On September 14, 2018, the undersigned was sworn in as a United States District Judge,
and this action was subsequently reassigned to the undersigned, as presiding judge, on
September 19, 2018. On September 20, 2018, Defendants filed a motion to dismiss for failure to
state a claim [ECF No. 44], which is presently pending before this Court. Despite being given
ample time to do so, Plaintiff has not filed any response to Defendants’ motion. This matter is
now ripe for consideration.
II.
DISCUSSION
A.
Eleventh Amendment Immunity
Defendants initially argue that the DOC is immune from Plaintiff’s claims under the
Eleventh Amendment to the United States Constitution, and is also not a “person” against whom
suit may be brought under 42 U.S.C. § 1983. The Court agrees.

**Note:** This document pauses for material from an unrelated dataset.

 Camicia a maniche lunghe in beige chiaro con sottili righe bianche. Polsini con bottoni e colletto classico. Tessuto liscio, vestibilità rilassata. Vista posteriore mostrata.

The Eleventh Amendment proscribes actions in the federal courts against, inter alia,
states and their agencies. Laskaris v. Thornburgh, 661 F.2d 23 (3d Cir. 1981)
(Pennsylvania); Mt. Healthy City Board of Education v. Doyle, 429 U.S. 274 (1977) (state
agencies). "Unless a State has waived its Eleventh Amendment immunity or Congress has
overridden it... a State cannot be sued directly in its own name regardless of the relief sought."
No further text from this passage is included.